Another gimmick pushes much of the legislation’s costs off the federal budget and onto the private sector by requiring individuals and employers to purchase health insurance.  When the bills force somebody to pay $10,000 to the government, the Congressional Budget Office treats that as a tax.  When the government then hands that $10,000 to private insurers, the CBO counts that as government spending.  But when the bills achieve the exact same outcome by forcing somebody to pay $10,000 directly to a private insurance company, it appears nowhere in the official CBO cost estimates — neither as federal revenues nor federal spending.  That’s a sharp departure from how the CBO treated similar mandates in the Clinton health plan.  And it hides maybe 60 percent of the legislation’s total costs.  When I correct for that gimmick, it brings total costs to roughly $2.5 trillion (i.e., $1 trillion/0.4).

Here’s where things get really ugly.  TPMDC’s Brian Beutler calls “the” $2.5-trillion cost estimate a “doozy” of a “hysterical Republican whopper.”  Not only is he incorrect, he doesn’t seem to realize that Gregg and I are correcting for different budget gimmicks; it’s just a coincidence that we happened to reach the same number.
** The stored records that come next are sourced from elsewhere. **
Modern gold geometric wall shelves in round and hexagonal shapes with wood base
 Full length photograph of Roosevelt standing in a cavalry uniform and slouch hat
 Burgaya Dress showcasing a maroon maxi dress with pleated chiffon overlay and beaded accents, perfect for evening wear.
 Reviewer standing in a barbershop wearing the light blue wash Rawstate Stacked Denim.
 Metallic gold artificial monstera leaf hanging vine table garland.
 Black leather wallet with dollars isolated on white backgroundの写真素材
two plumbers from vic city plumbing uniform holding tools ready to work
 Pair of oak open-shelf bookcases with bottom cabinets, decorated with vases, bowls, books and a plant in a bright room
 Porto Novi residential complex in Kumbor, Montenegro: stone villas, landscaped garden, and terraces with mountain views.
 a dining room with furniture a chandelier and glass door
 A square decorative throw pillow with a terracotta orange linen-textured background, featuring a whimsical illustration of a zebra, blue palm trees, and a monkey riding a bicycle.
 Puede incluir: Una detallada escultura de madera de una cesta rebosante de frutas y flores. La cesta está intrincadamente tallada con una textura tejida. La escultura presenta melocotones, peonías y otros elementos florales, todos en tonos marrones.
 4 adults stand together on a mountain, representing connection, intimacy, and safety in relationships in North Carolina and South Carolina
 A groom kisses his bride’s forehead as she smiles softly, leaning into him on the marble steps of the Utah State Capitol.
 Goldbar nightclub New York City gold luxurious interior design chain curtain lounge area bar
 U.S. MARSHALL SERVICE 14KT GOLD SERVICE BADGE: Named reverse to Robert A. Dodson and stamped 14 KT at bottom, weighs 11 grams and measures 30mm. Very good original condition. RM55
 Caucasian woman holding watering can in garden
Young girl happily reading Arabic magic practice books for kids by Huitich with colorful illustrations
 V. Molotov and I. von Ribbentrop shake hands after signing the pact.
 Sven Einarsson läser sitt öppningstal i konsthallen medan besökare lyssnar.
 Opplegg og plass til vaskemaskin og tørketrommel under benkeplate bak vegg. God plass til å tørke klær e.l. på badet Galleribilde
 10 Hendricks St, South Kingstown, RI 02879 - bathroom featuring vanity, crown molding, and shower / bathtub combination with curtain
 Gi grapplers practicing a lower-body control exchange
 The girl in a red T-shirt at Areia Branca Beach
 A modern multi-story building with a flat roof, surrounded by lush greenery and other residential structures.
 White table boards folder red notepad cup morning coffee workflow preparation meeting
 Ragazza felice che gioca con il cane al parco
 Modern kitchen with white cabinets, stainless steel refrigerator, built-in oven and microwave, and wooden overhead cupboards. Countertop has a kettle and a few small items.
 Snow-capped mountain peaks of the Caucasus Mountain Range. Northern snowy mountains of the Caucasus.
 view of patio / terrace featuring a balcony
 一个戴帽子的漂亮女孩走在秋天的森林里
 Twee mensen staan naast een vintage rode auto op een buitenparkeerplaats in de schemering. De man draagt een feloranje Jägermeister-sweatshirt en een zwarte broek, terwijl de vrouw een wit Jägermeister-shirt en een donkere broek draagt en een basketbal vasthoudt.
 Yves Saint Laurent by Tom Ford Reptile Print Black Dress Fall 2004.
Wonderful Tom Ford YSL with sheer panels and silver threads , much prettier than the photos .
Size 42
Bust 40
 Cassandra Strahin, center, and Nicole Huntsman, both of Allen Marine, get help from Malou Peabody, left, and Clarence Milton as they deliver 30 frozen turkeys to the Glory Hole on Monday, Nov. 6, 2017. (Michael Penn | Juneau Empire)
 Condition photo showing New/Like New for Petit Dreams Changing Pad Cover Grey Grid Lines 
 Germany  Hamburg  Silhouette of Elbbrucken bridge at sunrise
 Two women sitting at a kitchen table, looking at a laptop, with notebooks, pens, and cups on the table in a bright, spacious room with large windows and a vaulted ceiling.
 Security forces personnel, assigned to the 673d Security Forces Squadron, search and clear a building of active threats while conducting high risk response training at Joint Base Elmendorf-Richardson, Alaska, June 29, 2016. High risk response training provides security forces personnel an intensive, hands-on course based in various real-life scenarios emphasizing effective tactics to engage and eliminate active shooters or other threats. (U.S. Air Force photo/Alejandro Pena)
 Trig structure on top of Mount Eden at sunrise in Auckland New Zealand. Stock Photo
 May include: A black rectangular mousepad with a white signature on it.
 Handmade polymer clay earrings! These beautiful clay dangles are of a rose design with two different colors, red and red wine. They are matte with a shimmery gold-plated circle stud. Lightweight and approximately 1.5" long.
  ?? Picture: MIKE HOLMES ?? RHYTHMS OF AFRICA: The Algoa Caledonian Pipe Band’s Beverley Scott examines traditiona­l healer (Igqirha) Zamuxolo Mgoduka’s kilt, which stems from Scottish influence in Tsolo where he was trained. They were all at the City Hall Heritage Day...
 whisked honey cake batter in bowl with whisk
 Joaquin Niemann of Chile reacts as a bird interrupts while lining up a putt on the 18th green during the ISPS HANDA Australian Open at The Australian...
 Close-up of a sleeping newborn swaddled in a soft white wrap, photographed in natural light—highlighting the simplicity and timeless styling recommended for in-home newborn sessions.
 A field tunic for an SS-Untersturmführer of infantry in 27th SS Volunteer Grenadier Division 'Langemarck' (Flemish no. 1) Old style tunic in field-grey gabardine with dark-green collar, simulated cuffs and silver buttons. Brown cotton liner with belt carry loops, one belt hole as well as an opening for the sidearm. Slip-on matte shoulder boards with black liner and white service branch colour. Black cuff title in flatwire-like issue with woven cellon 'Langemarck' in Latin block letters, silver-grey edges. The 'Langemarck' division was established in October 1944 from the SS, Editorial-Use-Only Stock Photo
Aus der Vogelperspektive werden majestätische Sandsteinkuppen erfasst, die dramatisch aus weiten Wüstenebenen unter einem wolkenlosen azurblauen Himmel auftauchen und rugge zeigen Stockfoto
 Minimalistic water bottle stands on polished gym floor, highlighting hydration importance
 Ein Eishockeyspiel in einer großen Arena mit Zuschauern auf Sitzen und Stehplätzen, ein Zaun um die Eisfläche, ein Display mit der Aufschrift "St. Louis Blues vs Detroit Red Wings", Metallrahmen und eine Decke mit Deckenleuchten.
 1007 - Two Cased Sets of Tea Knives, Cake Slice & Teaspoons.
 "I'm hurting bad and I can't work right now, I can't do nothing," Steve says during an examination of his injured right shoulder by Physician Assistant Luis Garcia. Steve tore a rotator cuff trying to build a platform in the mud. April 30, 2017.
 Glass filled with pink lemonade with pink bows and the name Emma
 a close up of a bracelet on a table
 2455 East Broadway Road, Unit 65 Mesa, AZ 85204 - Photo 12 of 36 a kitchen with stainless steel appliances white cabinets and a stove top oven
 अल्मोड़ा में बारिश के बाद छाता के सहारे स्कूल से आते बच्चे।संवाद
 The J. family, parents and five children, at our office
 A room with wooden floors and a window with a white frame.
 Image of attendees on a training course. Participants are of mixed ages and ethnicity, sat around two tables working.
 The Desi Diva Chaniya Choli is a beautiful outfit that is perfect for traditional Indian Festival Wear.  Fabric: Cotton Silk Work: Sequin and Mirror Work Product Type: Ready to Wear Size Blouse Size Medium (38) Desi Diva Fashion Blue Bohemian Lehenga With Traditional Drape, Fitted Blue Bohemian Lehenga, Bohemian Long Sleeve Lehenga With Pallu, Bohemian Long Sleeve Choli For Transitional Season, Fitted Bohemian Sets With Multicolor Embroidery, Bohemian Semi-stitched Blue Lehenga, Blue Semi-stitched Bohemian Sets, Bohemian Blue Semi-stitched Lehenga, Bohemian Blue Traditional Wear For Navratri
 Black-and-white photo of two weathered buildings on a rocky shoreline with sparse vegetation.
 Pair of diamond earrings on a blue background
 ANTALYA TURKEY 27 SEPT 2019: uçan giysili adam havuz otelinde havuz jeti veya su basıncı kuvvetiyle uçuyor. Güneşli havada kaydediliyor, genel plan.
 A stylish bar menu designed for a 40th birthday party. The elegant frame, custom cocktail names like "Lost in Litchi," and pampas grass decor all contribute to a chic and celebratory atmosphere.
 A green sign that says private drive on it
When we correct for both gimmicks, counting both on- and off-budget costs over the first 10 years of implementation, the total cost of ObamaCare reaches — I’m so sorry about this — $6.25 trillion.  That’s not a precise estimate.  It’s just far closer to the truth than President Obama and congressional Democrats want the debate to be.

For the record, it was this subsidizing of the private health insurance companies that Dennis Kucinich was talking about before he backstabbed his own principles and voted for the bill anyway.

In 1994, the universal health care plan proposed by President Clinton included a mandate requiring all individuals to purchase health insurance. The Congressional Budget Office studied the issue and concluded that the United States had never in all its history mandated that individuals purchase any good or service.  The CBO stated:

A mandate requiring all individuals to purchase health insurance would be an unprecedented form of federal action. The government has never required people to buy any good or service as a condition of lawful residence in the United States. An individual mandate would have two features that, in combination, would make it unique. First, it would impose a duty on individuals as members of society. Second, it would require people to purchase a specific service that would be heavily regulated by the federal government.”

But it is going to start doing so now, under Obama and the Democrats in Congress.  They could care less about the Constitution, or about the consequences of radically expanding already massive government bureaucracies.

Obama is going to force you to purchase insurance, but the CBO won’t count the cost of one penny of that spending, now or ever.  If you send money to the government that the government requires you to send them, that’s a tax.  If the government spends money, that counts as spending.  But if the government forces you to send money to a private health insurance company, that isn’t counted.  It amounts to a tax that isn’t “deemed” (there’s a good word these days) a tax.

Thus the REAL ten-year cost of ObamaCare won’t be $940 billion.  It won’t even be $2.5 trillion.  It will be SIX TRILLION DOLLARS.  And counting, and counting, and counting, and counting.